The Kite Runner

Author : Khaled Hosseini

Genre : Literature

 

One of the best stories I have read in the last decade, made me cry, cringe and get nostalgic. And like my favorite fictions, interspersed with actual episodes from a tumultuous period in Afghan history and society.

The protagonist is Amir, a Pashtun Afghan who is forced to move out of Afghanistan with his father when the Soviets take control of the country. He settles in US and marries an Afghan emigrant there. But then, to redeem for an act of cowardice when he was still a kid in Kabul, he goes back to the country (then under Taliban) to save his friend’s son.

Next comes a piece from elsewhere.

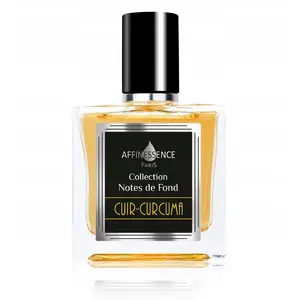 Smidzināmais Eau de Parfum AFFINESSENCE Cuir Curcuma 50 ml — EDP 50 ml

Like all great literature, while the story line is simple, the sub-plots carry deep themes rich in emotions and understanding of human nature. There are complex themes of the relationship between father and son, between friends (Amir and his servant-friend Hassan, who is later also revealed to be his half-brother), of guilt and attempts at redemption (Amir sees his friend Hassan get raped but fails to prevent it; later takes great personal risk to go back to Taliban infested Afghanistan and save Hassan’s son); of ethnic differences (between Pashtuns/Sunnis and Hazaras/Shias, with the latter considered inferior and often oppressed); of poetic justice (Kamal is an accomplice in Hassan’s rape but is himself raped later… and multiple such ironies) and of soft romance styled in a conservative society (Amir’s attempts to woo his wife even when not allowed to talk to her in private).